Comment by Potential customer on 05-02-2010 05:09


While there is a lot of publicity around managed funds, I'd love to see Rabo Bank offer share index trackers as an alternative because of their advantages of low cost and good performance.

Comment by Mark on 06-02-2010 10:42


My understanding was that the trick to investing in managed funds was buying and selling at the right times. With your regular managed funds investor plan, one has to buy at fixed times regardless of whether or not it is the best time to buy. Wouldn't it be better and more interesting to make the plan more sophisticated by allowing investors to create settings whereby the system automatically delays buying till prices fall to a certain level, and also sells automatically when prices rise above a certain level? Or even if the system didn't do the actual buying and selling, it could simply generate an alert to indicate that the investor had predetermined that they should consider buying and selling at the times the alerts are generated.

Comment by Mike Heath on 08-02-2010 09:39


David, thanks for taking the time to provide this suggestion. We constantly review our range of funds and fund managers, and in fact have some new ones coming on to our platform in a few months time.

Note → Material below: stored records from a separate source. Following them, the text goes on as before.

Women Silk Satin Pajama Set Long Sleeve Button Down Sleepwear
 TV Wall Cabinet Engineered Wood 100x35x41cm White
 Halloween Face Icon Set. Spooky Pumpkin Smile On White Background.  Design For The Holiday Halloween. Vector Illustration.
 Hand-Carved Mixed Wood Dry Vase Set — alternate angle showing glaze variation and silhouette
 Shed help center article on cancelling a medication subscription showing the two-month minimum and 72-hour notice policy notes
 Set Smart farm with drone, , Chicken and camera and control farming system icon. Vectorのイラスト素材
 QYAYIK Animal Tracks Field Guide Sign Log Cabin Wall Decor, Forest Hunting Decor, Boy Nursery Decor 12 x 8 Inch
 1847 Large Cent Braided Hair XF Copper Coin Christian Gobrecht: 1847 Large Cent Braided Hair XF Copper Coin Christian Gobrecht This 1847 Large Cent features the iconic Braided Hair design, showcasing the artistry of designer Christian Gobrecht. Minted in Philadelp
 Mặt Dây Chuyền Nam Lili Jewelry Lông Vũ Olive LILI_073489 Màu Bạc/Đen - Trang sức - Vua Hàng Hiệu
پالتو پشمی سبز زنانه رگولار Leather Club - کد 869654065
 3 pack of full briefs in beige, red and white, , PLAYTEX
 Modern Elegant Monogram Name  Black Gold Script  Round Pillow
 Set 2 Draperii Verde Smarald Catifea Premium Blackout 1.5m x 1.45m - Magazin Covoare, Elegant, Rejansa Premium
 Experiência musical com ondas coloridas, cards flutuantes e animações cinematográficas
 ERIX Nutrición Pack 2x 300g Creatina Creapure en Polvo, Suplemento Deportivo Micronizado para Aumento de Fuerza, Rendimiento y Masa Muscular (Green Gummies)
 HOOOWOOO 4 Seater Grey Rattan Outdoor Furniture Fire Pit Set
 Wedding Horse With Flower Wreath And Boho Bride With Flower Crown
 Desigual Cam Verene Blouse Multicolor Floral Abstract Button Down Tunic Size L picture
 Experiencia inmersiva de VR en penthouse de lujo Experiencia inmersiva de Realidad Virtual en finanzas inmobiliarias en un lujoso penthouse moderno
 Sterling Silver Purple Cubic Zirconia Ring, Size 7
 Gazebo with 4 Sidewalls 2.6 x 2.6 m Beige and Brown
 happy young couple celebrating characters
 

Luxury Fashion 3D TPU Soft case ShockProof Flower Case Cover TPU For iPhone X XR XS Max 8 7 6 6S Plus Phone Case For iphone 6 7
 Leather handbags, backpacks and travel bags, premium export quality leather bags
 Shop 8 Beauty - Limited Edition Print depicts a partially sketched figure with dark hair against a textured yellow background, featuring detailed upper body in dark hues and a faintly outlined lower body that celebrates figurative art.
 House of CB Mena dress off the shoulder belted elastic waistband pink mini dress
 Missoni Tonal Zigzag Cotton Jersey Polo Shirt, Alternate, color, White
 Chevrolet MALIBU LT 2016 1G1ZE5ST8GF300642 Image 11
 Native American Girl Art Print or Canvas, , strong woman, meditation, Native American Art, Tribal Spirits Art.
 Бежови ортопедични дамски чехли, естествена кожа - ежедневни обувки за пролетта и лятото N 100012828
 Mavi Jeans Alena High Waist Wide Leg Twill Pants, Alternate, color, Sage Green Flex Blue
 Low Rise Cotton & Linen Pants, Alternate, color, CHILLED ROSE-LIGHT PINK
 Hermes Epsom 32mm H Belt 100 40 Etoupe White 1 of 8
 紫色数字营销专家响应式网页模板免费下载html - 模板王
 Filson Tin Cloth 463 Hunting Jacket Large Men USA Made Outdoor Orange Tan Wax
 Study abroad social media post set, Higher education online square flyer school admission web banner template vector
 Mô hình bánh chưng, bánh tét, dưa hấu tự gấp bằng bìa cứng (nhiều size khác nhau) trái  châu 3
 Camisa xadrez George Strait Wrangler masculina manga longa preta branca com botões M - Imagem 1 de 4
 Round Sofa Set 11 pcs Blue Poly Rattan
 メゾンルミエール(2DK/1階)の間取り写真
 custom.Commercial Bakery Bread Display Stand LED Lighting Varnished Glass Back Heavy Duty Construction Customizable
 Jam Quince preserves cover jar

We’ll make sure your suggestion is included in our ongoing analysis.

Comment by Mike Heath on 08-02-2010 11:43


Mark, the most commonly held opinion on managed funds investing is that they sit in the longer-end of your investment timeframe and portfolio, with On Call cash being at the nearest or shorter end of the time horizon. They are not typically seen as a trading option (buy low – sell high) and that you invest in funds that best meet your risk profile. Given that your risk profile changes over time (as you get older, your broader financial circumstances change etc) you should at least review your investments annually, to see that the funds chosen still “fit” your risk profile. Managed funds investments are typically seen as meeting your income/capital requirements in the period 10 years plus out – not typically a short-term trading vehicle. Given this, whilst your suggestion clearly has merits, it doesn’t fit the roadmap we have for our managed funds offering.

Comment by Fiona on 09-02-2010 10:21


If you invested in a managed fund and for some reason needed that money, how easy is it to get it back? & would you necessarily get the amount you invested?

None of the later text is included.